WORK INSTRUCTIONS:
Find the line that contains "A framed vintage" in the records below, then repeat exactly that line and each one after it, leaving pictures out.

RECORDS FOR THIS TASK:
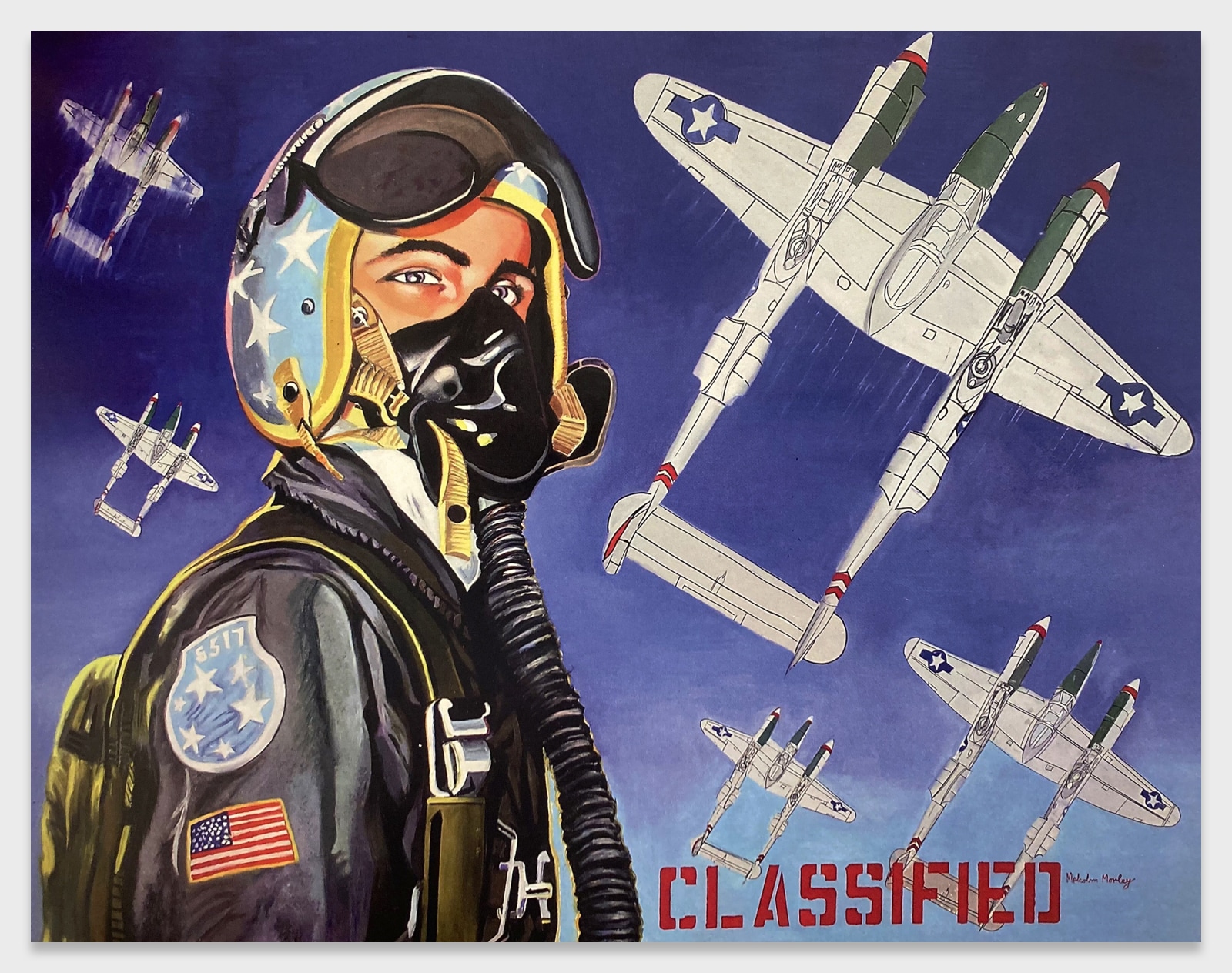 Malcolm Morley, American Fighter Pilot (Ace), 2011, Oil on linen, 45 1/2 x 58 inches.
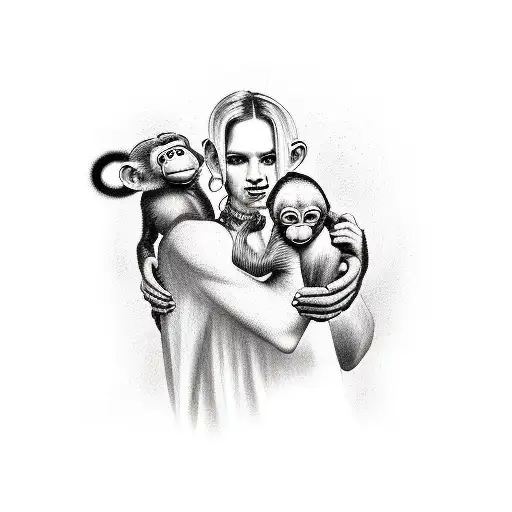 slave with monkey, family, love, passion, party  tattoo design idea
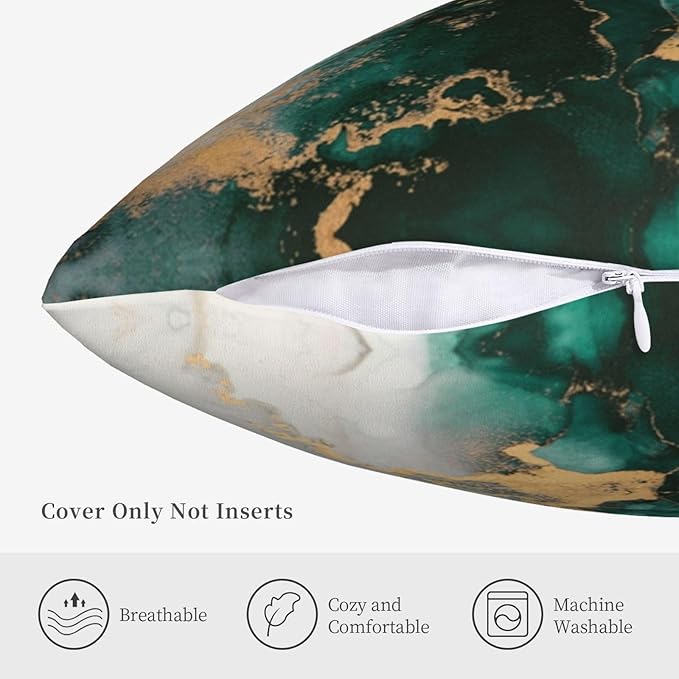Emerald Green Gold Marble Pillow Covers 18x18 Set of 2, Green and Gold Modern Abstract Throw Pillow Covers Outdoor Decorative Pillow Case for Couch Bed Sofa Cushion Home Decor
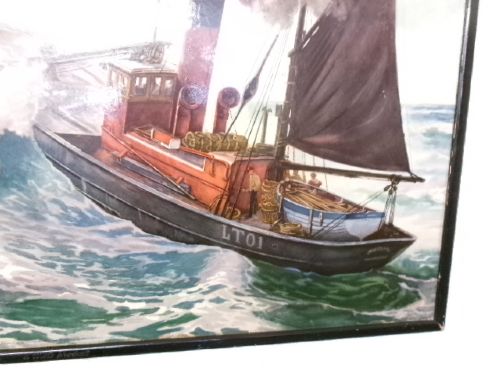A framed vintage cardboard advertisement for Capstan cigarettes featuring a steam vessel navigating rough seas under text reading Have a Capstan. View III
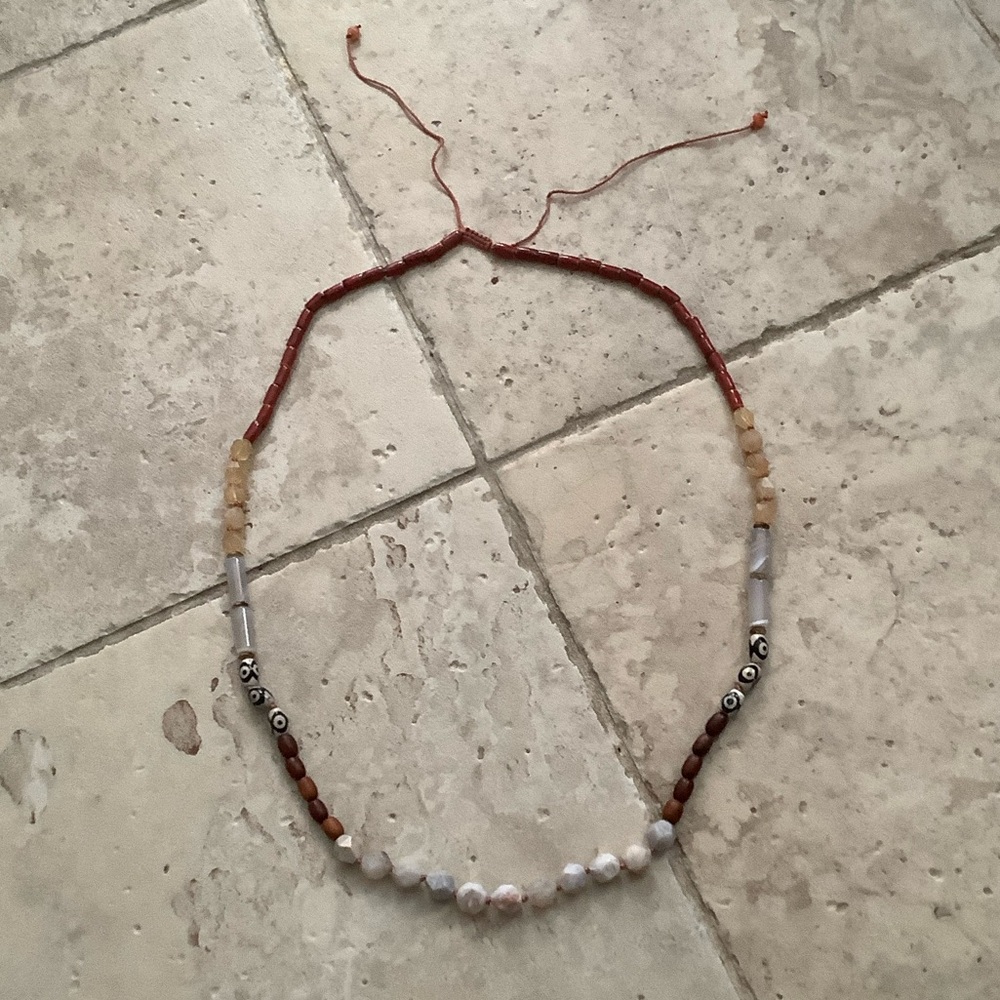 Handcrafted Beaded Necklace - Red, Brown, Cream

WORKED SOLUTION:
A framed vintage cardboard advertisement for Capstan cigarettes featuring a steam vessel navigating rough seas under text reading Have a Capstan. View III
 Handcrafted Beaded Necklace - Red, Brown, Cream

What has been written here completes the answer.